§ **DATA FOR THE TASK**:
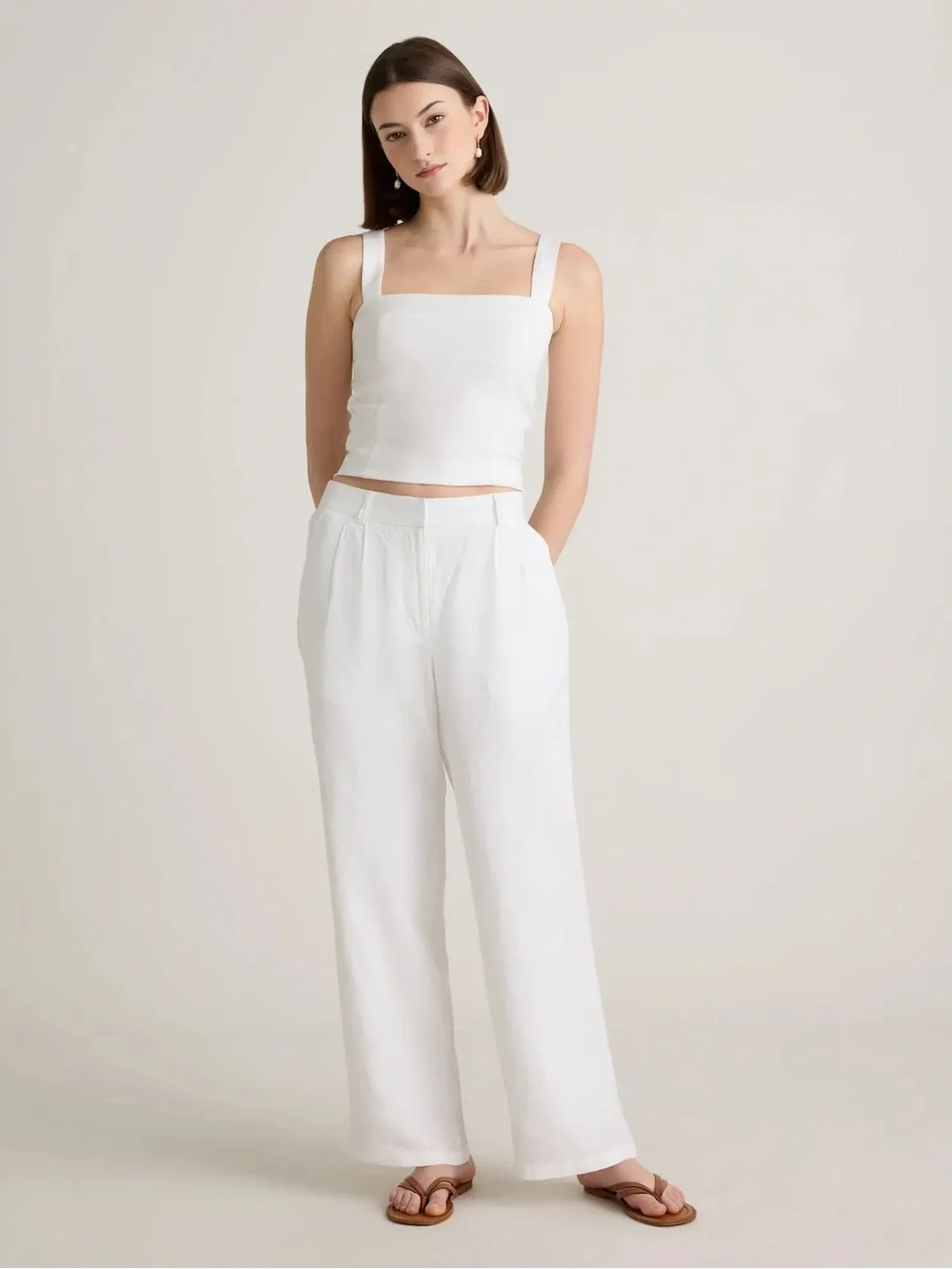 Quince White 100% European Linen Pleated Trousers (WORN ONCE)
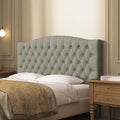 Velvet Upholstered Headboard Queen/Full Size Latest Model Wall Mount, Bed Frame Mount, Featuring High-Density Sponge Padding, Luxury Texture Easy Assembly Comfort and Style-Taupe-Ruum Studio Home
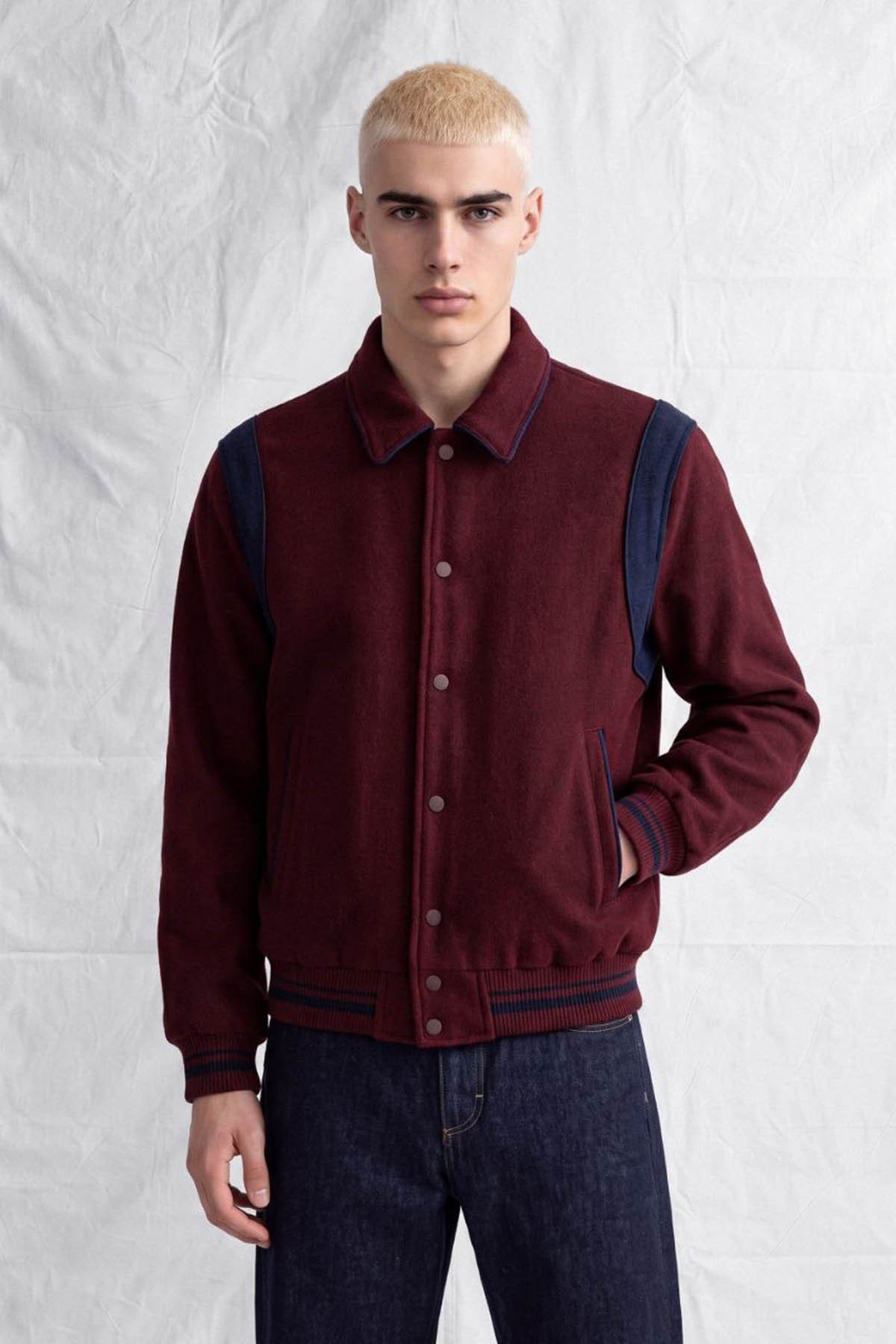 erkek-Erkek Megane Oversize Kaşe Mont Bordo-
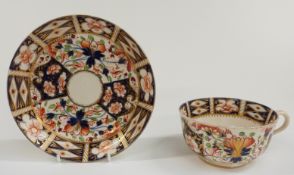 19thC Crown Derby Imari cup and saucer, H7cm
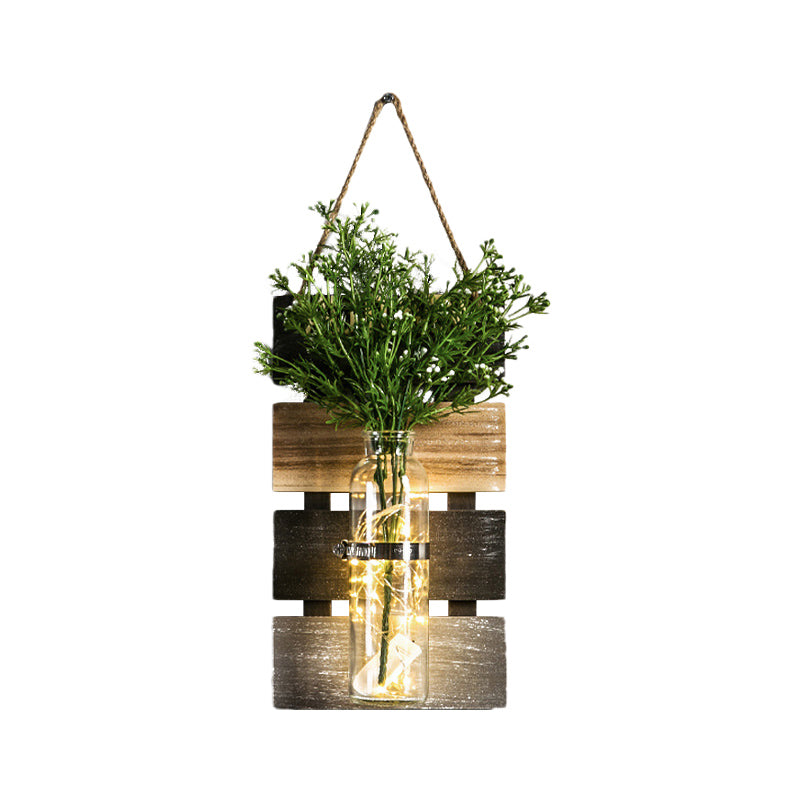 Skørter | Dark Green/Light Green/Yellow Plant Wall Lamp Rustic Ambient Lighting with Wooden Backplate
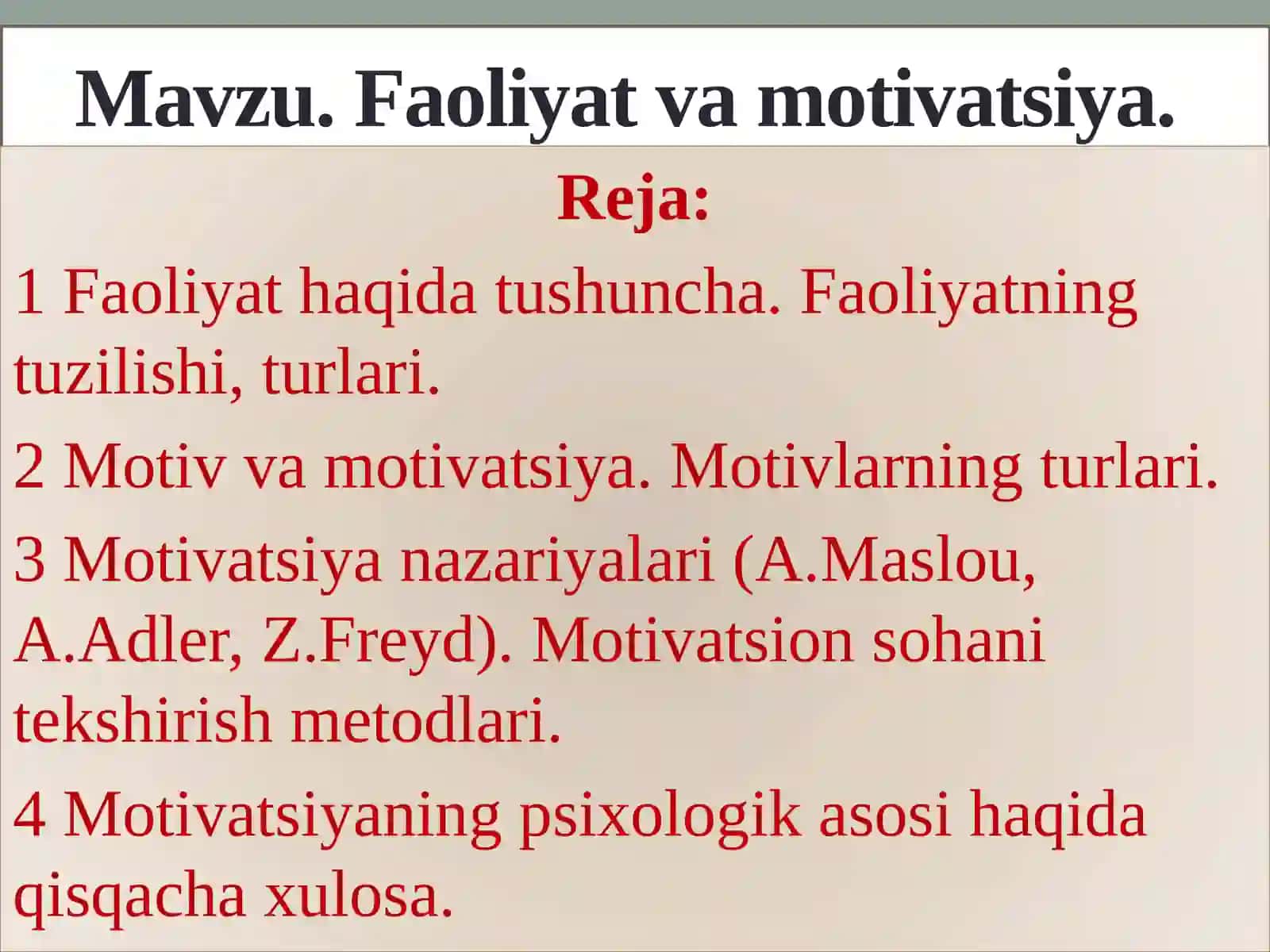 Faoliyat va motivatsiya 2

§ **WHAT THE TASK ASKS**:
The answer is the whole listing retyped exactly, with pictures omitted.

§ **RESPONSE**:
 Quince White 100% European Linen Pleated Trousers (WORN ONCE)
 Velvet Upholstered Headboard Queen/Full Size Latest Model Wall Mount, Bed Frame Mount, Featuring High-Density Sponge Padding, Luxury Texture Easy Assembly Comfort and Style-Taupe-Ruum Studio Home
 erkek-Erkek Megane Oversize Kaşe Mont Bordo-
 19thC Crown Derby Imari cup and saucer, H7cm
 Skørter | Dark Green/Light Green/Yellow Plant Wall Lamp Rustic Ambient Lighting with Wooden Backplate
 Faoliyat va motivatsiya 2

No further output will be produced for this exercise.